▶ _TASK TO CARRY OUT_
Return the whole listing exactly, omitting the pictures.

▶ _DATA FOR THIS TASK_
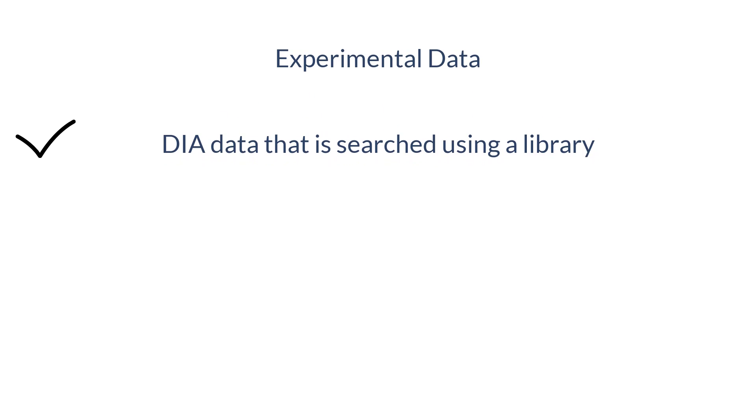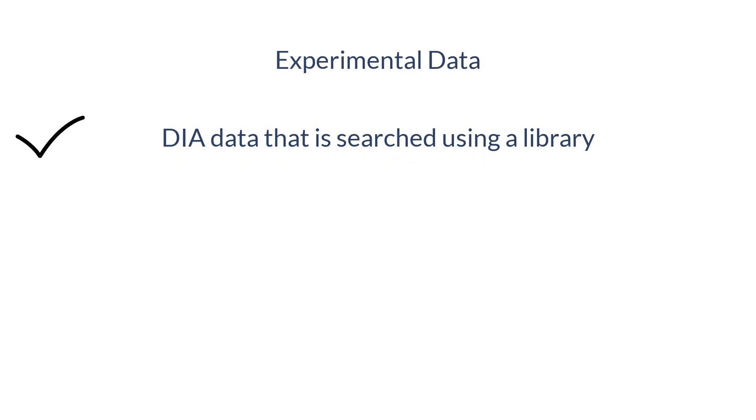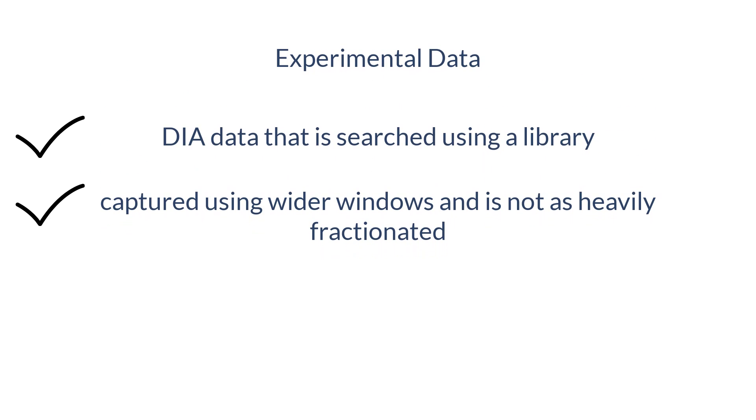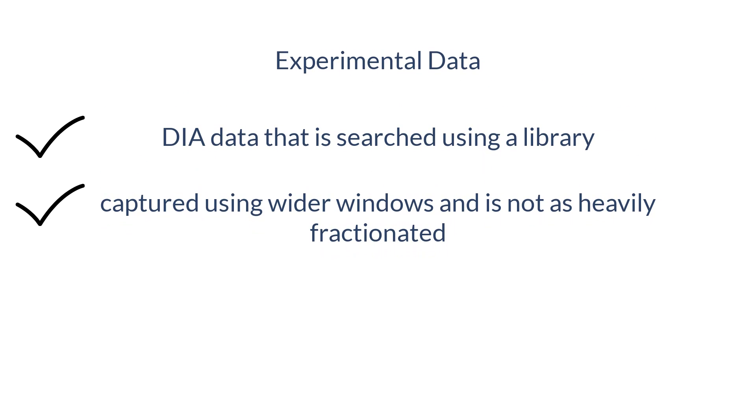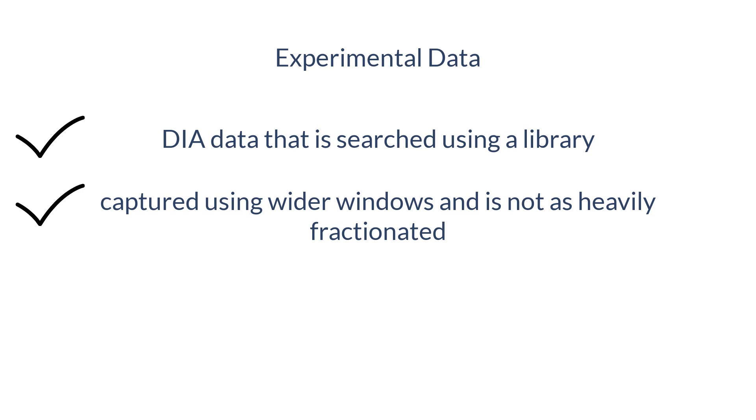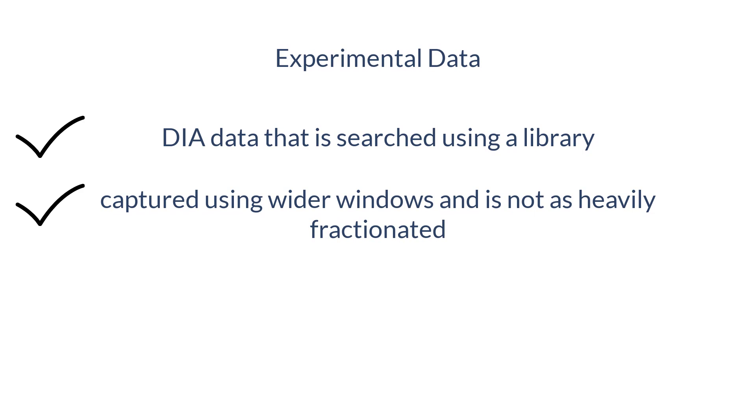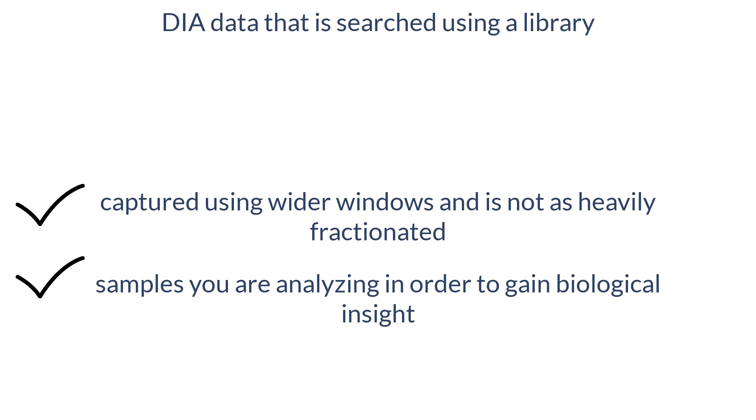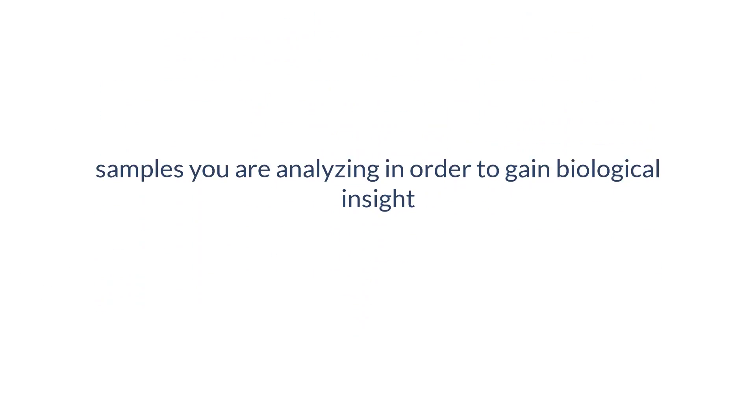Experimental data is DIA data that is searched using a library. Most experimental data is captured using wider windows and is not as heavily fractionated. These are samples you are trying to analyze in order to gain biological insight.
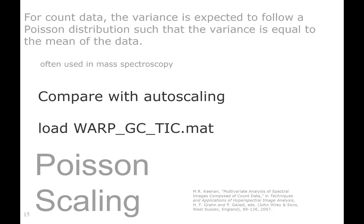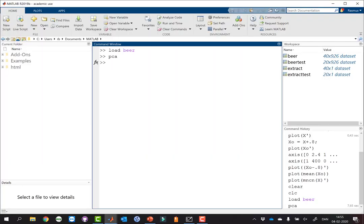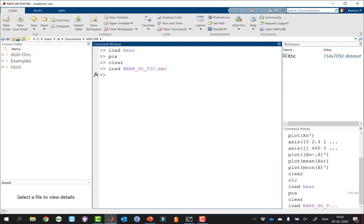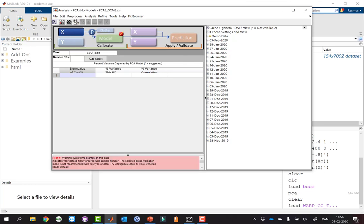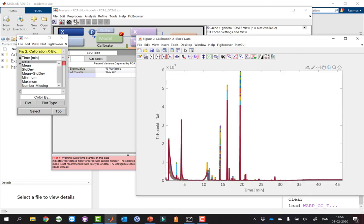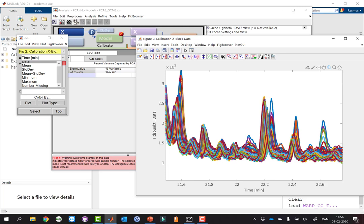Poisson scaling is related to count data and is often used in mass spectroscopy or Raman spectroscopy. Let me load a chromatographic data set — it's 150 samples and 7000 variables. You can see we have some very big peaks but also some very small peaks, and we'd like to look at all of them. Let me go into the advanced pre-processing and try auto scaling — as expected, the noise becomes much bigger than the peaks.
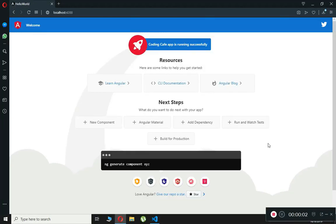Hello guys, welcome back to Coding Cafe. In this video tutorial we will learn the basics of components. We will understand what exactly makes up a component and how we will add or create a new component.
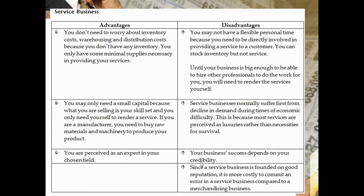Another advantage is you are perceived as an expert in your chosen field. However, your business success depends on your credibility — are you actually good at the expertise you claim? Another disadvantage is that since a service business is founded on good reputation, it is more costly to commit an error in a service business compared to a merchandising business. If you make a mistake in rendering your service, it's possible your customers will not hire you again.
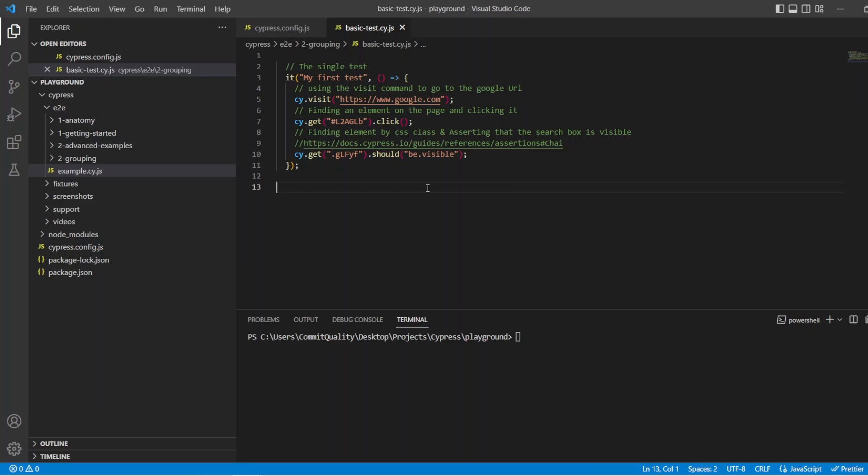Hello, this is Jared from Commit Quality, and in today's video, we're going to go over grouping and layout organization in Cypress.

▶ _EXERCISE ANSWER_
Experimental data is DIA data that is searched using a library. Most experimental data is captured using wider windows and is not as heavily fractionated. These are samples you are trying to analyze in order to gain biological insight.
Poisson scaling is related to count data and is often used in mass spectroscopy or Raman spectroscopy. Let me load a chromatographic data set — it's 150 samples and 7000 variables. You can see we have some very big peaks but also some very small peaks, and we'd like to look at all of them. Let me go into the advanced pre-processing and try auto scaling — as expected, the noise becomes much bigger than the peaks.
Hello guys, welcome back to Coding Cafe. In this video tutorial we will learn the basics of components. We will understand what exactly makes up a component and how we will add or create a new component.
Another advantage is you are perceived as an expert in your chosen field. However, your business success depends on your credibility — are you actually good at the expertise you claim? Another disadvantage is that since a service business is founded on good reputation, it is more costly to commit an error in a service business compared to a merchandising business. If you make a mistake in rendering your service, it's possible your customers will not hire you again.
Hello, this is Jared from Commit Quality, and in today's video, we're going to go over grouping and layout organization in Cypress.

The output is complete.